Public Schools in New Hampshire
500 schools · 197 districts · 167,689 students
Largest Schools in New Hampshire
School data sourced from NCES (National Center for Education Statistics) via the Common Core of Data.
Pinkerton Academy
Derry
Nashua High School South
Nashua
Nashua High School North
Nashua
Dover Senior High School
Dover
Concord High School
Concord
Exeter High School
Exeter
Manchester Memorial High School
Manchester
Bedford High School
Bedford
Londonderry Senior High School
Londonderry
Spaulding High School
Rochester
Frequently Asked Questions
New Hampshire has 500 public schools across 197 districts, serving 167,689 students.
The largest school in New Hampshire is Pinkerton Academy with 3,060 students. New Hampshire has 500 public schools overall.
The average proficiency rate is 60%. Proficiency rates measure the percentage of students meeting state standards on standardized assessments, as reported by EDFacts.

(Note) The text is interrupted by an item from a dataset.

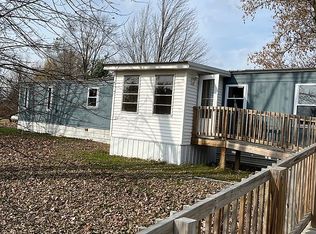 21717 Riverhaven Dr, Paris, MI 49338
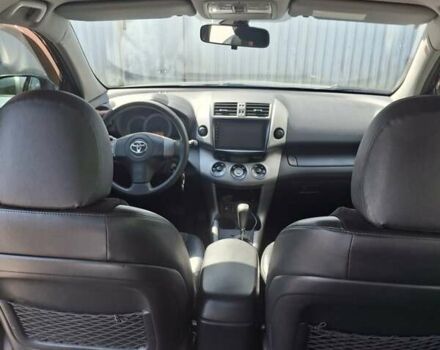 Серый Тойота РАВ 4, объемом двигателя 2 л и пробегом 225 тыс. км за 8500 $, фото 14 на Automoto.ua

All school data comes from the National Center for Education Statistics (NCES) Common Core of Data for enrollment and school characteristics, and EDFacts for proficiency rates and graduation rates.
School data is sourced from NCES enrollment records and EDFacts proficiency and graduation rate assessments. No synthetic scores are used.
this entity is one of the data points covered by this site’s U.S. K-12 school outcomes and enrollment dataset. The detail above comes directly from NCES Common Core of Data and EDFacts; the context that follows situates the headline numbers against the broader distribution across U.S. public schools and districts.
The methodology behind every numeric value on this page is publicly documented on the NCES Common Core of Data and EDFacts portal and described in detail on this site’s methodology page. Refresh cadence varies by underlying series; the page surfaces the as-of date for each number so readers can trace any figure back to the source release.
For readers using this page as a decision input, the related-entity pages elsewhere on the site provide the comparison set. The most useful comparison for this entity is typically a peer within U.S. public schools and districts with similar size, similar exposure, or similar geography — not the national-level summary alone.